The current support-escalation rule runs:
- "say [AutoReply] %player_name% requested staff help."
If a configured command starts with /, the slash is removed before dispatch.
response.commands.player
Player commands are dispatched as the sender. The current vote-advanced rule runs:
- "vote"
Use this only for commands the triggering player should execute. The sender must still be online when the response dispatch runs.
response.log_trigger
log_trigger is supported and defaults to false. If a rule response has this false, the matched-rule debug line is suppressed for that rule. The default fallback always logs through the default path when debug logging is active.
Auto Reply placeholders
Response text, hover text, titles, actionbars, bossbars, and commands can use:
%player%
%player_name%
%question%
%input%
%message_input%
%bot_name%
%channel%
%channel_id%
%world%
%rule_id%
%message%
%message% is special in the global format: for chat replies, it becomes the resolved bot reply line. The original player input remains available through %question%, %input%, and %message_input%.

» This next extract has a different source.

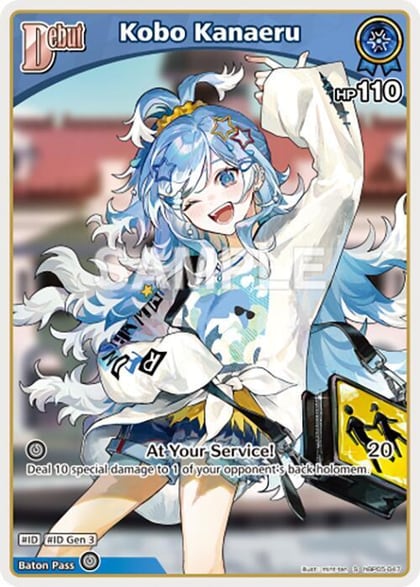 Kobo Kanaeru (S) (hBP05-047), Enchant Regalia hBP05-047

Current structured replies
server-ip-advanced has priority 100, uses a regex for server IP questions, replies only to the player, sends the server IP in chat, shows an actionbar, and plays ENTITY_EXPERIENCE_ORB_PICKUP.

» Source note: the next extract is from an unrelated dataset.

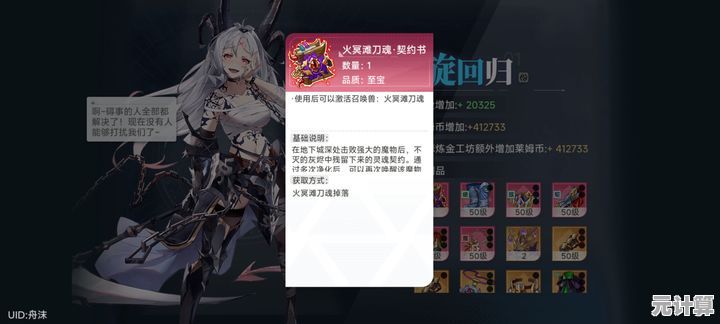 深渊女巫凯尔西2025年度攻略：神枪手装备选择与实战操作心得大全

discord-advanced has priority 90, uses a multi matcher with discord contains or a Discord regex, replies only to the player, sends a chat line, title, and actionbar.

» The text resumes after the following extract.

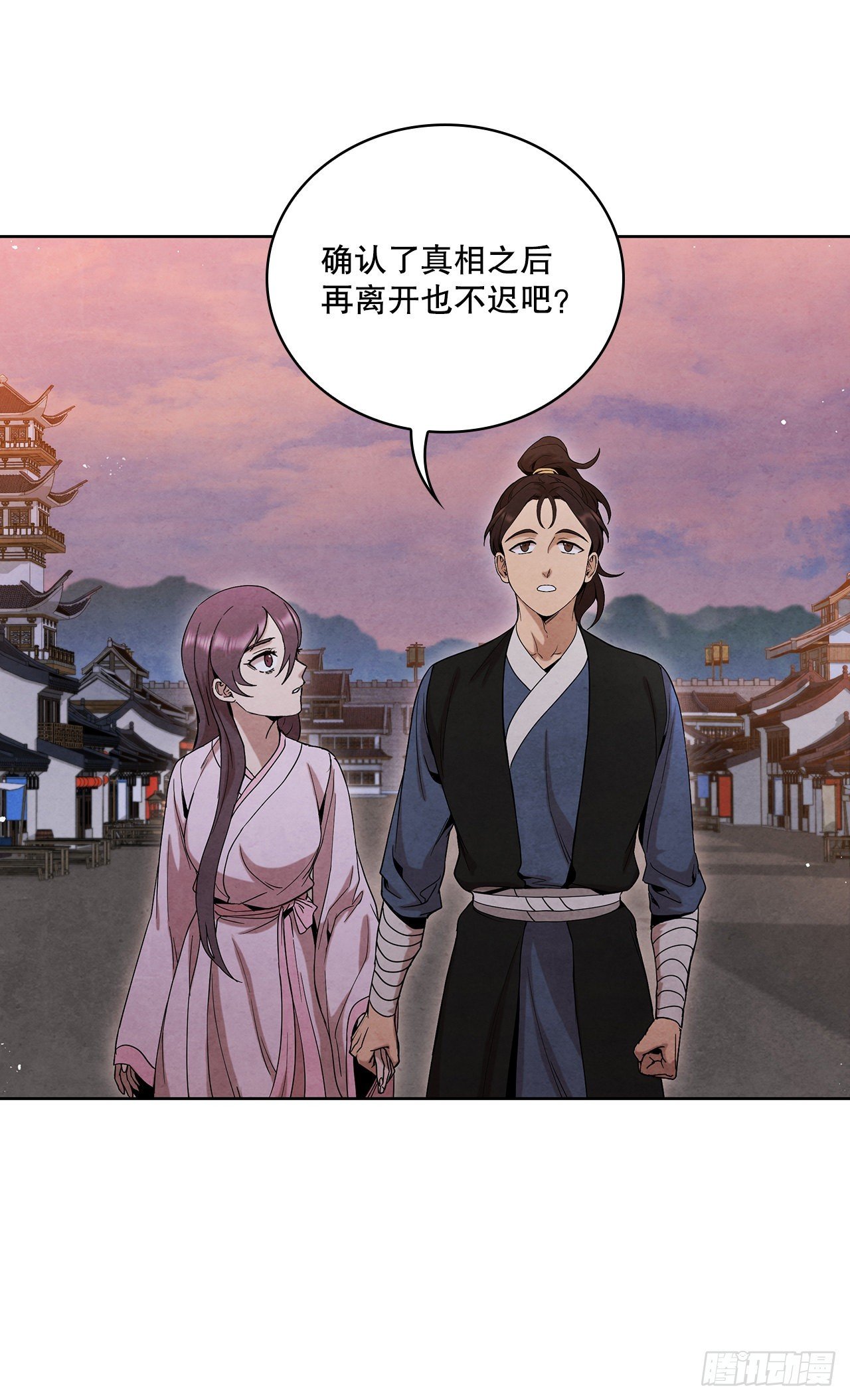 47.刺杀对象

vote-advanced has priority 80, uses keyword matching for vote-related phrases while excluding devote, replies only to the player, runs the vote player command, and plays BLOCK_NOTE_BLOCK_PLING.
welcome-broadcast has priority 70, matches exactly hello bot with optional ! or ?, sends the reply to all online players, and shows a yellow bossbar for three seconds.
support-escalation has priority 120, matches help/staff/admin/moderator words, requires at least four characters, replies to the player, runs a console log command, sends a title, actionbar, red bossbar, and bell sound.
auto-reply.rules
auto-reply.rules is the legacy rule format. It is still loaded after structured replies.
The current legacy rule ids are server-ip, discord, website, how-to-claim, and vote.
Legacy rules are converted into normal auto-reply rules with priority 0, OR logic across their triggers, audience player, chat mode, no actionbar/title/bossbar/sound/commands, and per-player cooldown inherited from auto-reply.cooldown-seconds.
auto-reply.rules.<id>.enabled
This controls whether a legacy rule is loaded. All current legacy defaults set it to true.
auto-reply.rules.<id>.triggers
triggers is the list of input phrases for a legacy rule. The loader also supports old aliases named keywords and match.
Each trigger becomes one child matcher. The legacy rule matches when any child matcher matches.
auto-reply.rules.<id>.match-mode
match-mode controls how legacy triggers are interpreted. Current defaults use contains.
Supported legacy values include contains, equals_any, starts_with_any, ends_with_any, and regex_any. These map to structured contains, exact, starts_with, ends_with, and regex.
The loader also supports mode as an alias.
auto-reply.rules.<id>.lines
lines is the list of chat reply lines for a legacy rule. The loader also supports old aliases named reply and messages.
Like structured chat replies, legacy lines are sent through the global auto-reply.format and hover text.
Current legacy rules
server-ip answers ip, server ip, and what is the ip with play.example.com.
discord answers discord, dc, and discord link with discord.gg/example.
website answers website, web, and store with store.example.com.
how-to-claim answers claim-related phrases with /rewards and /warp claim.
vote answers vote-related phrases with /vote.
Legacy path note
The active config path for this build is:
modules/chat/Bot Replying/config.yml
The plugin still knows the older modules/auto-reply/config.yml path and can migrate embedded auto-reply data, but this documentation follows the current module path.
This page is source-backed and includes a short callout so the content reads like a guide instead of plain reference text.